Veganlık: Bitkisel Temelli Beslenme
Veganlık sadece hayvan haklarına indirgenemeyecek kadar kompleks bir konu olup birçok farklı konuda faaliyet göstermeyi amaçlar.
Veganlık ya da veganizm; herhangi bir hayvansal ürünü tüketmeyi reddetme ve diyetten çıkartma anlamına gelen bir beslenme akımıdır. Veganlığın vejetaryenlikten farkı ise; veganların vejetaryenlerin aksine bal, süt, yumurta gibi besinleri de tüketmeyi de reddetmesidir. Veganlar sadece beslenme ürünlerinde değil giyim ya da yaşam alanında da hayvan kaynaklı maddelerin kullanımını reddeder. Vegan kelimesi ilk kez 1944 yılında The Vegan Society’nin kurucularından Donald Watson tarafından ortaya atılmış olup ülkemizde ilk kez 1990 yılında Milliyet gazetesindeki bir haberde yer almıştır.
Veganlığın kurucu organizasyonlarından olan The Vegan Society veganlığı şöyle tanımlar:
“[Veganlık] hayvanların gıda, giyim ya da başka amaçlarla maruz kaldıkları sömürü ve zulmün her türlüsünden -uygulanabilir olan en mümkün mertebede- kaçınan ve buna ek olarak insanların, hayvanların ve çevrenin yararına, hayvan kullanımı içermeyen alternatiflerin geliştirilmesini ve kullanımını destekleyen felsefe ve yaşam biçimidir. Beslenme söz konusu olduğunda, hayvanlardan tamamen veya kısmi olarak elde edilen ürünlerin reddedilmesini ifade eder.
Veganlık, bilinenin aksine birçok amaçla ve farklı şekillerde karşımıza çıkmaktadır. Etik veganlık; hayvanların ürünleri için suistimal edilmesine ve fabrikalaştırılmış şartlar altında hayvansal ürünlerin üretiminin yapılmasına karşı çıkarak hayvan haklarını koruma gayesini temeline alır. Çevreci veganlık ise iklim krizini önlemek amacıyla su kullanımı ve karbon ayak izini bitkisel temelli yaşamla azaltmayı amaçlar. Çünkü hayvanlardan ürün elde etmek amacıyla yapılan tarım ve sanayi gibi ekonomik faktörler karbondioksit ve metan gazı salınımını kayda değecek şekilde arttırmaktadır.
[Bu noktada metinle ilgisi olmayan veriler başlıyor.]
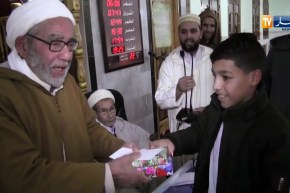 تيارت/ الإطعام وتكريم حفظة القرآن إحتفالا بالمولد النبوي الشريف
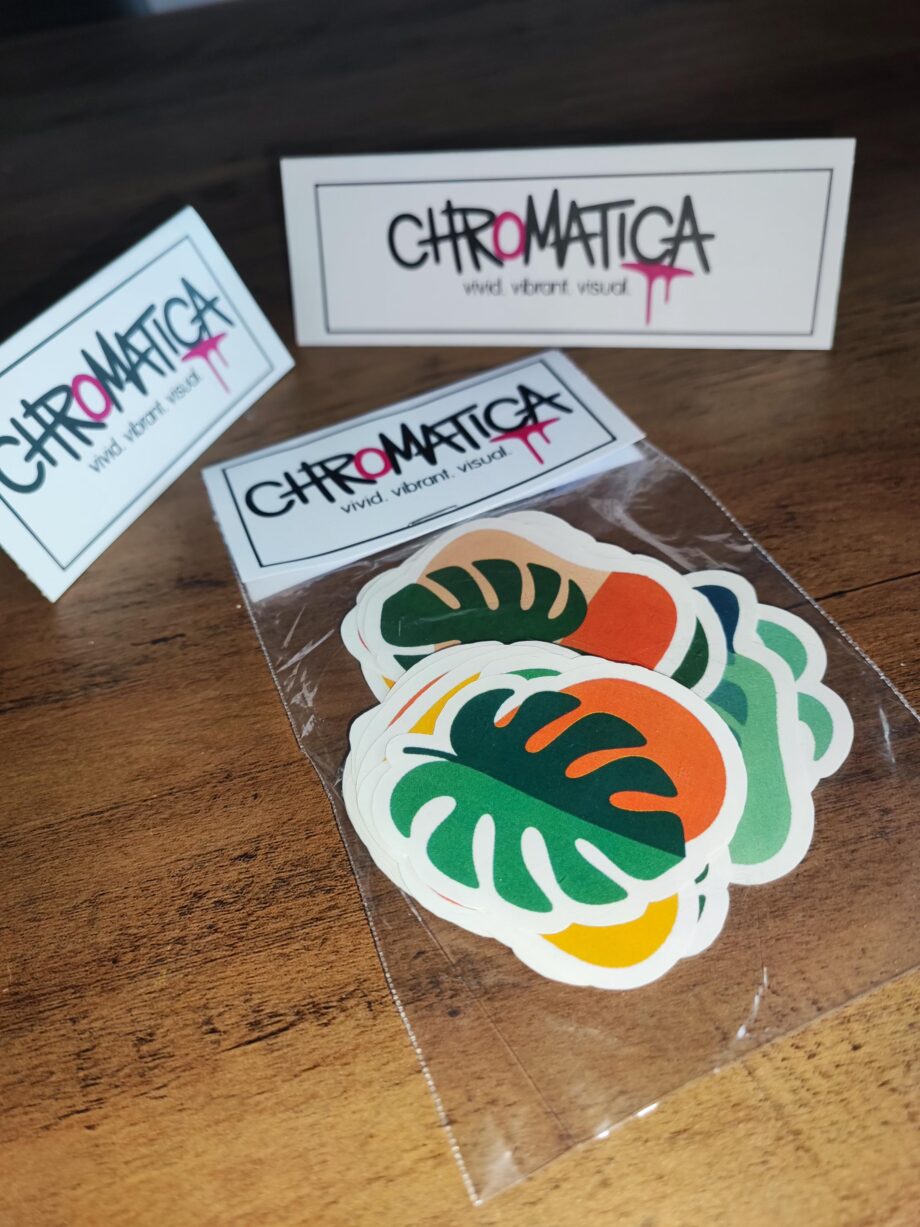 30 Monstera Aufkleber – Tropische Pflanzen Sticker Set | Wetterfest, vielseitig | Für Indoor & Outdoor Dekoration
Ayrıca hayvan temelli besinler üretmek su kullanımını da arttırmakta olup bitkisel temelli beslenmek özellikle küresel ısınmayla birlikte neredeyse kaçınılmaz olarak görünen su kıtlığını önlemede büyük bir adım olacaktır. Bu konuda da bilinenin ve önyargının aksine veganların sadece “aktivist ve hayvan hakları savunucusu” olmadıkları ön plana çıkmaktadır. Veganlık sadece hayvan haklarına indirgenemeyecek kadar kompleks bir konu olup birçok farklı konuda faaliyet göstermeyi amaçlar.
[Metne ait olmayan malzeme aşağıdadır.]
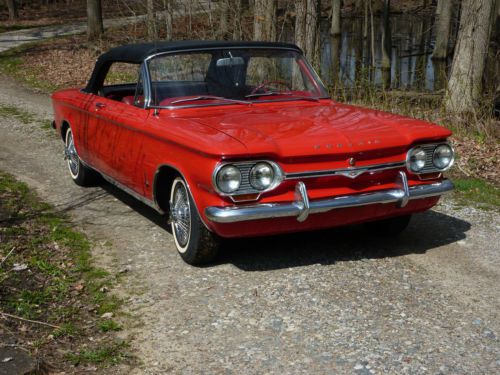 Corvair Convertible, image 3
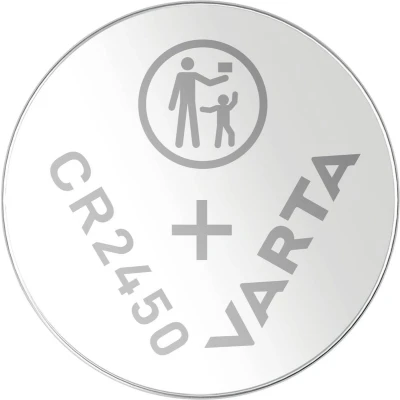 Afbeelding van VARTA Knoopcel CR2450 3 V 20 stuk(s) LITHIUM Coin OEM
Bireyler sağlık sebeplerinden dolayı da vegan olmayı tercih edebilirler. Et ya da hayvansal diğer ürünlere hassasiyeti ya da alerjisi olan hastalar vegan bir diyet tercih etmektedir. Araştırmalarda vegan yaşam tarzının; kalp rahatsızlıkları, kolesterol, kanser ya da damar hastalıkları riskini kayda değer miktarda azalttığı görülmüştür. B12 vitamininin sadece et ürünlerinde bulunması ve insan için esansiyel bir vitamin olması sebebiyle vegan diyetin “sağlıksız” olduğu iddiaları ortaya atılsa da diyette B12 tabletleri alınarak bu sorun rahatlıkla çözülebilir. Mantarların ve bazı deniz bitkilerinin içerisinde de B12 bulunmasına rağmen bu miktarın metabolizma için yeterli olup olmayacağı araştırmaya açık bir konu. Ancak ekstra B12 takviyesi alındığı sürece veganlığın sağlığa çok yararlı olduğu da bir gerçek.
Veganlık teriminin ülkemizde çok büyük bir önyargı ve yanlış bilgi yığınıyla karşılaştığı aşikar. Bu anlamda çevremize daha duyarlı ve farkındalık dolu bir yaşam adına oluşmuş bu akımı; hemen kestirip atmamak, vegan olan bireylere karşı yapıştırılan etiketlere karşı çıkmak ve çevreyle uyum içerisinde sağlıklı bir yaşam sürebildiğimiz yarınlara ulaşabilmek için veganlığın öğrenilmesi ve öğretilmesi gerektiğini düşünüyorum.